Num permanente paralelismo entre os anos da revolução e o presente, Marcelo defendeu que "o desafio dos jovens de 74 era muito nacional, concentrado em 3 objetivos: a paz em África, a democracia e o desenvolvimento. Mas o desafio dos jovens de 2019 é muito mais global e exigente na diversidade de fatores".

Os jovens de hoje querem "passos concretos, visíveis e mais rápidos" e os políticos devem saber responder-lhes, defendeu Marcelo. Em que questões? "Quando volta Portugal a querer ser uma sociedade a rejuvenescer? Pelos que nascem e pelos que vêm de fora?" - e fez questão de dizer por duas vezes esta última parte.

"Como esbater as desigualdades, entre pessoas, grupos e territórios - sublinho, territórios", prosseguiu o Presidente da República. Mais: "Como e quando antecipamos o que aí vem, no emprego e no trabalho, perante mutações que em cinco, dez anos, vão mudar os sistemas produtivos?".

E "quando e como conseguimos explicar aos menos jovens que há mesmo alterações climáticas, que há mesmo solidariedade intergeracional?", disse ainda Marcelo, sublinhando que estas questões não são "bizantinices".

Para Marcelo não basta acenar aos jovens de hoje com o que já existe. Eles querem um "mundo mais aberto, mais dialogante, mais multilateral" - "não contem com eles para passadas ou futuras clausuras" - e "querem-no em gestos diários, em vivências quotidianas". Têm uma "participação diversa, amiúde inorgânica, tantas vezes digital" na sociedade, e queixam-se, diz Marcelo, de não encontrar respostas no sistema político.

"A democracia tem de compreender" e saber dar resposta a esta exigência, sublinhou o chefe do Estado, destacando que isso não admite "clientelismos" ou "adiamentos crónicos face a problemas sociais".

"Parece um programa impossível? Talvez", referiu o chefe de Estado, mas para dizer que é de sonhos impossíveis que se faz a História. "A História de Portugal é a história de uma pátria que nasceu impossível, uma impossibilidade com quase 900 anos".

"Não vemos estes 45 anos como obra perfeita, acabada, mas reconhecemos que valeu a pena o passo fundador", disse Marcelo, acrescentando que "esperamos mais, muito mais da Europa e da comunidade de países falantes de língua portuguesa". E, como tem feito em praticamente todos os discursos do 25 de abril, desde o primeiro, em 2016, voltou a alertar contra "basismos ilusórios, sebastianismos de passados que não voltam, messianismos de messias impossíveis".

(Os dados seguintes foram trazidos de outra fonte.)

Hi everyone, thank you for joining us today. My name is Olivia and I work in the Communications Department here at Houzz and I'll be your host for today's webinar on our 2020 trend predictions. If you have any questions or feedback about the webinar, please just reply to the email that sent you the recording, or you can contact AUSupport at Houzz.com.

Cavaco ausente das comemorações

A ouvir Marcelo estiveram Ramalho Eanes e Jorge Sampaio, ambos acompanhados das respetivas mulheres, mas não Cavaco Silva, que faltou à sessão parlamentar solene comemorativa do 25 de abril.

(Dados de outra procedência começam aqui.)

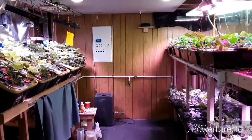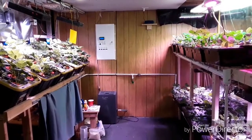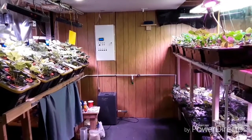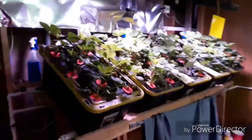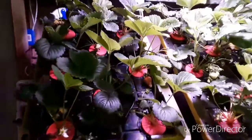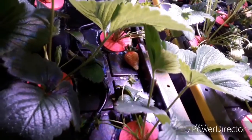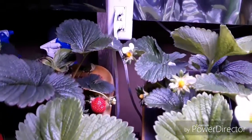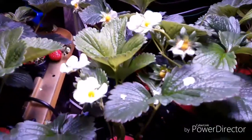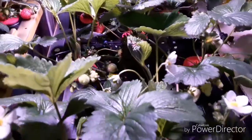Welcome back. We are about 51 days in on the aeroponic side, which is on the left, and we have ripe strawberries. Look at how great these plants look, and underneath there, look at all these strawberries coming along — lots of ripe or almost ripe strawberries in here.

Das personalidades convidadas para a sessão, destaque também para a ausência de todos os ex-primeiros-ministros, de António Guterres a Durão Barroso, passando por Pedro Santana Lopes, Pedro Passos Coelho e José Sócrates. A exceção foi Francisco Pinto Balsemão, que se sentou junto aos ex-PR.

Nas galerias estiveram presentes alguns dos capitães que derrubaram o regime há 45 anos, nomeadamente o coronel Vasco Lourenço, presidente da Associação 25 de Abril. Faltou porém Otelo Saraiva de Carvalho.

O Governo - que não tem direito a palavra nesta sessão - compareceu em peso, com António Costa à cabeça.

Eis as intervenções que se ouviram no Parlamento na manhã desta quinta-feira:

PAN. "A elite política está de costas voltadas para o futuro das pessoas"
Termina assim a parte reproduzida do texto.